--- START ---

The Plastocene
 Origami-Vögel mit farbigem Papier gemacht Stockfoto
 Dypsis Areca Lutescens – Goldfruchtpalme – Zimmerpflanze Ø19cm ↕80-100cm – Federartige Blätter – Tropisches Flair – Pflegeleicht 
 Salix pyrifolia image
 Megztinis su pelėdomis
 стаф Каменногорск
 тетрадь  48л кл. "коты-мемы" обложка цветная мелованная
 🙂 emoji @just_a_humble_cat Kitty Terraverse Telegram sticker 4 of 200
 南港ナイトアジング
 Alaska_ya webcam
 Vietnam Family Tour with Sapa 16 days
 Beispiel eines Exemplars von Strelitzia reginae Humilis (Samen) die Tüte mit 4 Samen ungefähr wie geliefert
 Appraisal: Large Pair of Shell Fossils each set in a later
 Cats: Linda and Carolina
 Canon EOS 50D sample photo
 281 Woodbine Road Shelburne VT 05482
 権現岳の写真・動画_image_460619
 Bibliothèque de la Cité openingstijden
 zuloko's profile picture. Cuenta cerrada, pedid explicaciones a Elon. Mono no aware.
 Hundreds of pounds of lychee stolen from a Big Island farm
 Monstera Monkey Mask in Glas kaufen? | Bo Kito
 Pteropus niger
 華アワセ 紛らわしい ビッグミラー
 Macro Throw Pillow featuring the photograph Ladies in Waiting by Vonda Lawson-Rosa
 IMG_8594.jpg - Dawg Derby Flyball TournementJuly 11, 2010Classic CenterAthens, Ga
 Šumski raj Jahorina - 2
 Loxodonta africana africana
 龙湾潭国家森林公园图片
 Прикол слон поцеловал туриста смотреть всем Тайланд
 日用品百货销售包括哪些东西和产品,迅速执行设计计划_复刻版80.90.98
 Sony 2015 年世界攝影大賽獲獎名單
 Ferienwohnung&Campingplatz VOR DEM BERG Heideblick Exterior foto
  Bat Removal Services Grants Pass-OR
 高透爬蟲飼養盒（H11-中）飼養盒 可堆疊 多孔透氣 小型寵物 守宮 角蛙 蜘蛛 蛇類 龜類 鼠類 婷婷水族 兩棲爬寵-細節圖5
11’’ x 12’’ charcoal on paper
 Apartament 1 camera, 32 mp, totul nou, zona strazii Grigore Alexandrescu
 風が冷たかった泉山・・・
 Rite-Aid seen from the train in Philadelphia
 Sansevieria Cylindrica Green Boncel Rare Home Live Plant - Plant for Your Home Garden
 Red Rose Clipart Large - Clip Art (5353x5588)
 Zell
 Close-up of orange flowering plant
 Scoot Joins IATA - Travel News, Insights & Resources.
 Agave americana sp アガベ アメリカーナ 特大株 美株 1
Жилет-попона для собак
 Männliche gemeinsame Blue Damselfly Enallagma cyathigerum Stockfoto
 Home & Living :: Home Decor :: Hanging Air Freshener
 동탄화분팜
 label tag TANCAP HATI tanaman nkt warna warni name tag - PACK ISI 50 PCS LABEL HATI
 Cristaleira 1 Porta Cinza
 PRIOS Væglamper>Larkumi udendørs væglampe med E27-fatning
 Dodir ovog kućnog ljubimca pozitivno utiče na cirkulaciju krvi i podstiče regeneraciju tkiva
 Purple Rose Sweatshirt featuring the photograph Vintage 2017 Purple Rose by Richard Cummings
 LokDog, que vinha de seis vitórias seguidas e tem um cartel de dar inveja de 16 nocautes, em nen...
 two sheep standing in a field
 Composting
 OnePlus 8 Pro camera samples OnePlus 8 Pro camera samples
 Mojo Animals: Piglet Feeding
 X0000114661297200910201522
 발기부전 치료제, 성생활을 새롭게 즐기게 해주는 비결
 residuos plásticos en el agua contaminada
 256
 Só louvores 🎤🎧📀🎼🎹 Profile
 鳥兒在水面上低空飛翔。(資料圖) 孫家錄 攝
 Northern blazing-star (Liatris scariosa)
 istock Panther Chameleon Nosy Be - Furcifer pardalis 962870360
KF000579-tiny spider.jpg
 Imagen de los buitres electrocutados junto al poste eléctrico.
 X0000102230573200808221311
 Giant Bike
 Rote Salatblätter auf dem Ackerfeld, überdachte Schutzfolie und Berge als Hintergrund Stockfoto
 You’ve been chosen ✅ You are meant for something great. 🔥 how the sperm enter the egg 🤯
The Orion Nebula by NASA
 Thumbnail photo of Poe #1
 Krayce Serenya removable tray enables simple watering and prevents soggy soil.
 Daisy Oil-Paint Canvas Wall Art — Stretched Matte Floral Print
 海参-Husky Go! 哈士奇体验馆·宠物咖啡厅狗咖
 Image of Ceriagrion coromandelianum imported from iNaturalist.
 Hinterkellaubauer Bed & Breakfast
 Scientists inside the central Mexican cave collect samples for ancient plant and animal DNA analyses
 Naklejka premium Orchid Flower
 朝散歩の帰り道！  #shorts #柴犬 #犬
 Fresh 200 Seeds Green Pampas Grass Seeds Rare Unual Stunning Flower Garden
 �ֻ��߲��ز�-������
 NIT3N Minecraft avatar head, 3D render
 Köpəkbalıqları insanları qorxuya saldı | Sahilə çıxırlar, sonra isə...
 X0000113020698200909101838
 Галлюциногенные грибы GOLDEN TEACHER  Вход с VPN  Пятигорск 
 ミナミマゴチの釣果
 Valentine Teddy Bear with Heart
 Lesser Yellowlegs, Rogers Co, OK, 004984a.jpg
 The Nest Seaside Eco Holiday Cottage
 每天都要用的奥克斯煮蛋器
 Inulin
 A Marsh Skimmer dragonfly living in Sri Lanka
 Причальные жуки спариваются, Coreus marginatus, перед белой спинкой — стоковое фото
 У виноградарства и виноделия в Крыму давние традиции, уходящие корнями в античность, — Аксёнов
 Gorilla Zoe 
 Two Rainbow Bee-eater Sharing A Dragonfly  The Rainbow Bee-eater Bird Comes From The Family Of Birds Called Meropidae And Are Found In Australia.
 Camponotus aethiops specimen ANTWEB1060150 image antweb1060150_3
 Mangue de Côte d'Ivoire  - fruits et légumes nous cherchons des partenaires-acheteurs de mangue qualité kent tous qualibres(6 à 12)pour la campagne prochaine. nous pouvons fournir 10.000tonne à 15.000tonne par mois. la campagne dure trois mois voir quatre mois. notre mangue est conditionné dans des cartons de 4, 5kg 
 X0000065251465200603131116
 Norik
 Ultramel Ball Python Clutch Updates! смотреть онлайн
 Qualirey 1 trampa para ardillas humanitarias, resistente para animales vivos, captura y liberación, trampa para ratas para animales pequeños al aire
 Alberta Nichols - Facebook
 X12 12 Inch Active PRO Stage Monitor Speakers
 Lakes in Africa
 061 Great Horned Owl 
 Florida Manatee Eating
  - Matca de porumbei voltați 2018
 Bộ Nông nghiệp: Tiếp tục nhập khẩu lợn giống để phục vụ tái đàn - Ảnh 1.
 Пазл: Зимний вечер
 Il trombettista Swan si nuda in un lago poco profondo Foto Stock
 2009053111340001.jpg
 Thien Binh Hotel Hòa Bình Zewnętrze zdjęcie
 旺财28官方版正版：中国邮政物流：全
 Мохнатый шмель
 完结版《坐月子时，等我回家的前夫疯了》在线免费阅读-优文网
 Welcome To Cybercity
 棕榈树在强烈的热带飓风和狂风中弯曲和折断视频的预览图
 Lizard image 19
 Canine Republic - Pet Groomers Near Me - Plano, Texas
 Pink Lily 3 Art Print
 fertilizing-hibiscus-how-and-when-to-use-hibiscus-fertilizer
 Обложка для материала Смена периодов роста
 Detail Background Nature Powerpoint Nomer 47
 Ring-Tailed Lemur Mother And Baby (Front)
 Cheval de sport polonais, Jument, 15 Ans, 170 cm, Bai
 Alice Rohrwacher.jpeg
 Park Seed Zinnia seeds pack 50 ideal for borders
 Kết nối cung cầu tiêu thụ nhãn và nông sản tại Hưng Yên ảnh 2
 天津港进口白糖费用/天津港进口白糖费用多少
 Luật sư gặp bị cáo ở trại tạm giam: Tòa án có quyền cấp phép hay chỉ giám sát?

--- END ---

* [Exercise goal] Set down exactly the lines of the data above, beginning with the line that has "Bộ Nông nghiệp: Tiếp" and ending with the line that has "Park Seed Zinnia", and no others.

* [Output]
 Bộ Nông nghiệp: Tiếp tục nhập khẩu lợn giống để phục vụ tái đàn - Ảnh 1.
 Пазл: Зимний вечер
 Il trombettista Swan si nuda in un lago poco profondo Foto Stock
 2009053111340001.jpg
 Thien Binh Hotel Hòa Bình Zewnętrze zdjęcie
 旺财28官方版正版：中国邮政物流：全
 Мохнатый шмель
 完结版《坐月子时，等我回家的前夫疯了》在线免费阅读-优文网
 Welcome To Cybercity
 棕榈树在强烈的热带飓风和狂风中弯曲和折断视频的预览图
 Lizard image 19
 Canine Republic - Pet Groomers Near Me - Plano, Texas
 Pink Lily 3 Art Print
 fertilizing-hibiscus-how-and-when-to-use-hibiscus-fertilizer
 Обложка для материала Смена периодов роста
 Detail Background Nature Powerpoint Nomer 47
 Ring-Tailed Lemur Mother And Baby (Front)
 Cheval de sport polonais, Jument, 15 Ans, 170 cm, Bai
 Alice Rohrwacher.jpeg
 Park Seed Zinnia seeds pack 50 ideal for borders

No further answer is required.